Near the endwalls of multi-stage compressor blade rows, there is a spanwise region of low momentum, high entropy fluid which develops due to the presence of annulus walls, leakage flows and corner separations. Off-design this region, known as the endwall flow region, often grows rapidly and in practice sets the compressor’s operating range. By contrast, over the operating range of the compressor, the freestream region of the flow is not usually close to its diffusion limit and has little effect on overall range. In light of these two distinct flow regions within a bladerow, this paper considers how velocity triangles in the endwall region should be designed to give a more balanced spanwise failure across the blade span.

In the first part of the paper, the sensitivity of the operating flow range of a single blade row to variations in realistic multistage inlet conditions and endwall geometry is investigated. It is shown that the operating range of the blade row is largely controlled by the size and structure of the endwall ‘repeating stage’ inlet boundary layer and not the detailed local geometry within the blade row.
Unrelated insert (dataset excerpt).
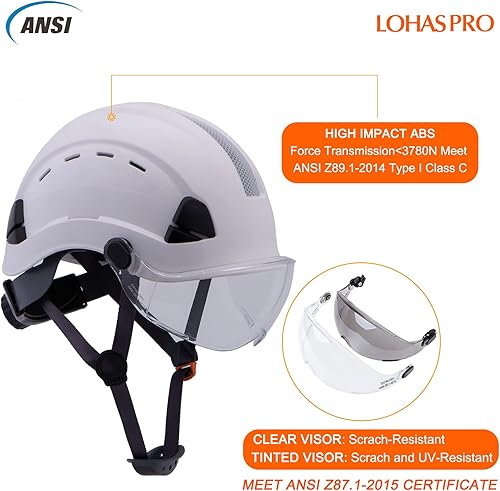 Miniatura 4 de LOHASPRO Casco de seguridad - Casco con visera ajustable ABS - Suspensión de 6 puntos, perfecto para la construcción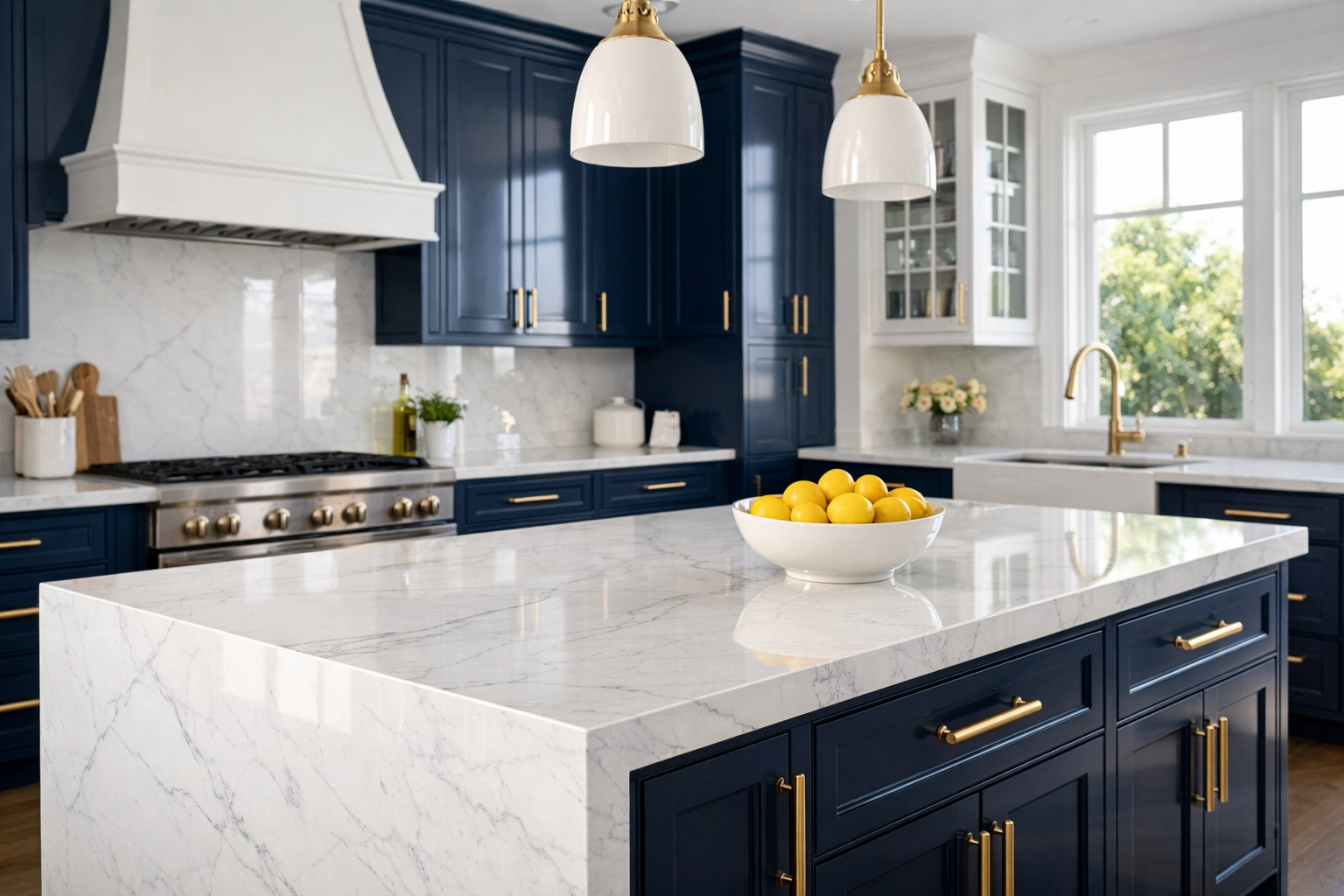 Professionally cleaned luxury kitchen in Dover featuring spotless marble and residential cleaning Massachusetts.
In the second part of the paper the traditional design process is ‘flipped’. Instead of redesigning a blade’s endwall geometry to cope with a particular inlet profile into the blade row, the endwall region is redesigned in the multi-stage environment to ‘tailor’ the inlet profile into downstream blade rows. This is shown to allow an extra degree of freedom not usually open to the designer. This extra degree of freedom is exploited to balance freestream and endwall operating range, resulting in a compressor having an increased operating range of ∼20%. If this increased operating range is traded with reduced blade count, it is shown that a design efficiency improvement of Δη∼0.5% can be unlocked.